▶ Work item
Character for character, give back every line below.
_____
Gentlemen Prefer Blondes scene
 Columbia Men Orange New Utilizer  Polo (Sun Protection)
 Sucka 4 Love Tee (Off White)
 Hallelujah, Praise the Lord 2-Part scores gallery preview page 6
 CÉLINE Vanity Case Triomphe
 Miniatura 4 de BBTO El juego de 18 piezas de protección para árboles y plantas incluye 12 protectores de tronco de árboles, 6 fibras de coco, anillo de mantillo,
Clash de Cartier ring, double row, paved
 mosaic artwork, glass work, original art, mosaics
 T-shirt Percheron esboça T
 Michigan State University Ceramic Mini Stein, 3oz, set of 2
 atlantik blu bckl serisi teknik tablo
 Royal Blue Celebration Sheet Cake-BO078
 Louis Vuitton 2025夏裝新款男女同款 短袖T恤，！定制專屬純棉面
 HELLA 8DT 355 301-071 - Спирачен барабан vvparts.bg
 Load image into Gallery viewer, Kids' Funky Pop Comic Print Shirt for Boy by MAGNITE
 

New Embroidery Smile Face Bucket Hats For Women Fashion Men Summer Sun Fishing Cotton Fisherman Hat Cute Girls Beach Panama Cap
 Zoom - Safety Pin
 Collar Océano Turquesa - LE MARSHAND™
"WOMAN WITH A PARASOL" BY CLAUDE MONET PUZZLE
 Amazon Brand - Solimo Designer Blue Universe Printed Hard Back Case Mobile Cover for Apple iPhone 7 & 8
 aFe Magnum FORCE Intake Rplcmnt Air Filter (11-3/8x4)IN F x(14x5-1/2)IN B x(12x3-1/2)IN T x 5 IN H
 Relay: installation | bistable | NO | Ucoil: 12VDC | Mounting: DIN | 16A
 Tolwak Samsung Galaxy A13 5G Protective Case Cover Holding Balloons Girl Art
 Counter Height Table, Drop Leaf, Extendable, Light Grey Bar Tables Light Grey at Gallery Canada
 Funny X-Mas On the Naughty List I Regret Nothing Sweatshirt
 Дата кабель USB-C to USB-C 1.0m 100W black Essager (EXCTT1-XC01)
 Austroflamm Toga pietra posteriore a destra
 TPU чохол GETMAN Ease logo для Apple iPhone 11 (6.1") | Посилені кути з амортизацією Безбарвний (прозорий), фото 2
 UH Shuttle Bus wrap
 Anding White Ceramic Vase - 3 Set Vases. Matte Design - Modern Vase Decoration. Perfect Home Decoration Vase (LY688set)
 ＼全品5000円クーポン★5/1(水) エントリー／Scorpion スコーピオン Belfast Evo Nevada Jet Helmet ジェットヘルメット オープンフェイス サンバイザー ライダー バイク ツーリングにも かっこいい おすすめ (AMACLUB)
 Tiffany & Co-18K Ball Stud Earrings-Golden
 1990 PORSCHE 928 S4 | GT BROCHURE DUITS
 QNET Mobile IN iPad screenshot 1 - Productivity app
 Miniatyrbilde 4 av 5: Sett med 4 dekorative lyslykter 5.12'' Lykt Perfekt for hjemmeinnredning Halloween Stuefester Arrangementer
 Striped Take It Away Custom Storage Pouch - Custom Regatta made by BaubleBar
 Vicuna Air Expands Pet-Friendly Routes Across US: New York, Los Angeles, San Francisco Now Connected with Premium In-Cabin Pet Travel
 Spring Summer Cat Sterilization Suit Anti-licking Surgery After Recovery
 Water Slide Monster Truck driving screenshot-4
_____
▶ Written response
Gentlemen Prefer Blondes scene
 Columbia Men Orange New Utilizer  Polo (Sun Protection)
 Sucka 4 Love Tee (Off White)
 Hallelujah, Praise the Lord 2-Part scores gallery preview page 6
 CÉLINE Vanity Case Triomphe
 Miniatura 4 de BBTO El juego de 18 piezas de protección para árboles y plantas incluye 12 protectores de tronco de árboles, 6 fibras de coco, anillo de mantillo,
Clash de Cartier ring, double row, paved
 mosaic artwork, glass work, original art, mosaics
 T-shirt Percheron esboça T
 Michigan State University Ceramic Mini Stein, 3oz, set of 2
 atlantik blu bckl serisi teknik tablo
 Royal Blue Celebration Sheet Cake-BO078
 Louis Vuitton 2025夏裝新款男女同款 短袖T恤，！定制專屬純棉面
 HELLA 8DT 355 301-071 - Спирачен барабан vvparts.bg
 Load image into Gallery viewer, Kids' Funky Pop Comic Print Shirt for Boy by MAGNITE
 

New Embroidery Smile Face Bucket Hats For Women Fashion Men Summer Sun Fishing Cotton Fisherman Hat Cute Girls Beach Panama Cap
 Zoom - Safety Pin
 Collar Océano Turquesa - LE MARSHAND™
"WOMAN WITH A PARASOL" BY CLAUDE MONET PUZZLE
 Amazon Brand - Solimo Designer Blue Universe Printed Hard Back Case Mobile Cover for Apple iPhone 7 & 8
 aFe Magnum FORCE Intake Rplcmnt Air Filter (11-3/8x4)IN F x(14x5-1/2)IN B x(12x3-1/2)IN T x 5 IN H
 Relay: installation | bistable | NO | Ucoil: 12VDC | Mounting: DIN | 16A
 Tolwak Samsung Galaxy A13 5G Protective Case Cover Holding Balloons Girl Art
 Counter Height Table, Drop Leaf, Extendable, Light Grey Bar Tables Light Grey at Gallery Canada
 Funny X-Mas On the Naughty List I Regret Nothing Sweatshirt
 Дата кабель USB-C to USB-C 1.0m 100W black Essager (EXCTT1-XC01)
 Austroflamm Toga pietra posteriore a destra
 TPU чохол GETMAN Ease logo для Apple iPhone 11 (6.1") | Посилені кути з амортизацією Безбарвний (прозорий), фото 2
 UH Shuttle Bus wrap
 Anding White Ceramic Vase - 3 Set Vases. Matte Design - Modern Vase Decoration. Perfect Home Decoration Vase (LY688set)
 ＼全品5000円クーポン★5/1(水) エントリー／Scorpion スコーピオン Belfast Evo Nevada Jet Helmet ジェットヘルメット オープンフェイス サンバイザー ライダー バイク ツーリングにも かっこいい おすすめ (AMACLUB)
 Tiffany & Co-18K Ball Stud Earrings-Golden
 1990 PORSCHE 928 S4 | GT BROCHURE DUITS
 QNET Mobile IN iPad screenshot 1 - Productivity app
 Miniatyrbilde 4 av 5: Sett med 4 dekorative lyslykter 5.12'' Lykt Perfekt for hjemmeinnredning Halloween Stuefester Arrangementer
 Striped Take It Away Custom Storage Pouch - Custom Regatta made by BaubleBar
 Vicuna Air Expands Pet-Friendly Routes Across US: New York, Los Angeles, San Francisco Now Connected with Premium In-Cabin Pet Travel
 Spring Summer Cat Sterilization Suit Anti-licking Surgery After Recovery
 Water Slide Monster Truck driving screenshot-4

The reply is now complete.